It was a culturally-shocking first month for me because it is so much different from the corporate world, more so, the people are so much different. These people are so simple. So simple that anything more than Php 250 (less than $6) is already expensive for them. Why? They definitely know the importance and value of money. With the little pay they get because a large portion goes to paying off their loans from the coop, I know that every little cent counts.
I remember the first time I did the payroll and made a mistake (her salary was short by Php 18 (less than $0.50), she called my attention and wanted to know where it went. That's when I realized that every single cent do count for them. I also remember when I was computing their overtime pay when I noticed that some of the security guards do double shifts even on their supposed rest days. For what? To get an extra earning of Php 2000 (less than $50). At that moment, I had to excuse myself and go to the bathroom. That hit me hard and made me realize how materialistic I have been over the years. How selfish I was to complain that what I was earning wasn't enough when it was actually more than enough for someone else's family. Yes, it wasn't enough only for my material wants and not even needs. I felt guilty that I spend that much on just one single foundation when someone does not get enough sleep for a day just to earn extra money so he can feed his family.

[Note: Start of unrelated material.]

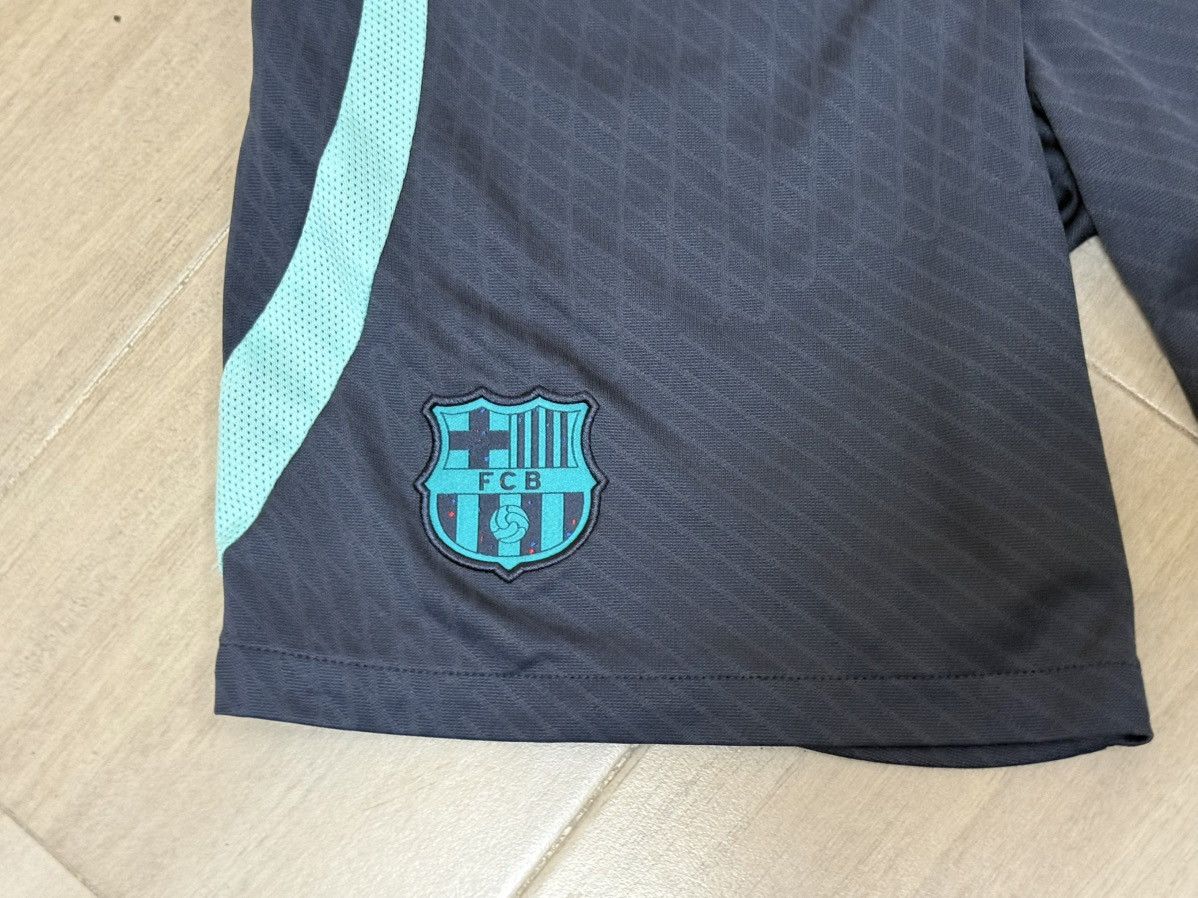 Nike Nike FC Barcelona shorts. Size US 30 / EU 46 - 2 Thumbnail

I felt bad because I also wanted to help them but knowing that I cannot do much is even more frustrating. And I cannot believe how annoyed I was at first when they keep checking out my things and keep saying "Mahal siguro yan" (that's probably expensive) and "Mayaman ka kasi" (because you're rich) and I am not. I think it was pretty normal to get annoyed but the moment you understand why, you'll realize it's nothing really annoying.
So I asked myself, "What if I want to try something and my lemming's really strong?". That's when I thought of making a pact. Instead of buying and buying, I should let go of something in exchange for that new item. So instead of spending the extra money I have, I can use it to help others instead. I'm helping two people from work who are both old enough to be my parents. When they no longer have money left even for fare, they come to me and I'll give them something. It's an arrangement I made with them. I don't care if they use it somewhere else but all I know is that I am doing that in good faith.

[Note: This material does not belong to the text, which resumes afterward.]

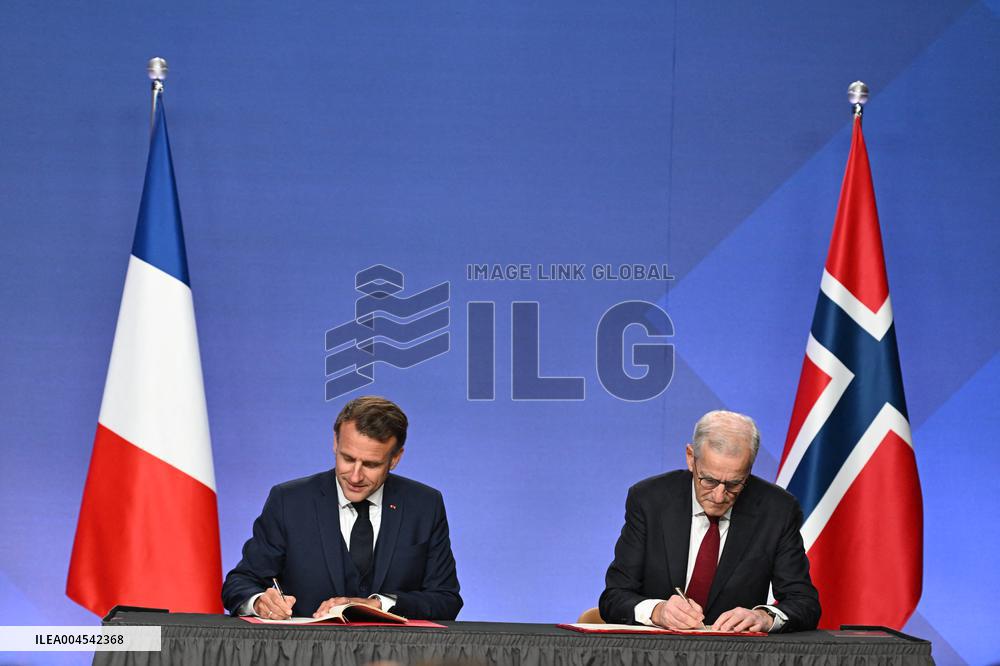 President Macron s Official Visit To Norway - Accords Signature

Yes, these people are so much different from the people I used to work with. They don't care much about material things. They'd rather spend their money on their family than buy something for themselves. Most of them are from the provinces. Most of them only finished high school. But that does not make me any better than them. They are the simplest people I have ever met. The ones who made me realize the value of money. They are the ones who taught me that we can be happy even without having too much material things. That I have been selfish all along. That I can live a minimalist life. They helped me become a better person and appreciate what I have.
Then I realized another thing.. Maybe there is a reason why I keep quitting my jobs back then even if they pay really well. And that is for me to be able to work at this company so I can be a better person.

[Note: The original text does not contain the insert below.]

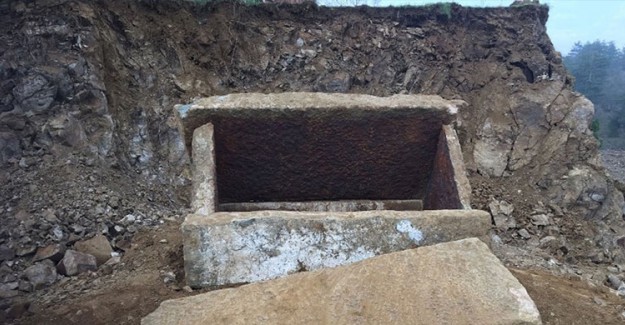 Bolu’da İnşaat Kazısında 3 Bin Yıllık Mezar Bulundu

That, my friends, is how my life has changed in just a span of a few months. Of course, I am still a work in progress but I am getting there. I am not the same impulsive buyer that I am. I now know how to eat at turo-turos, and best of all, I have quit smoking (hey, I wasted a lot of money on cancer sticks). My mom even said that I'm no longer as snobbish as I used to be. Yey!:) Anyway, you might not have finished this post out of boredom but a huge thanks for bearing wit me.
Please do note, however, that this post isn't meant to insult anyone. I am only sharing my story.
Have you realized anything lately?
Happy Thursday, super awesome peeps! :)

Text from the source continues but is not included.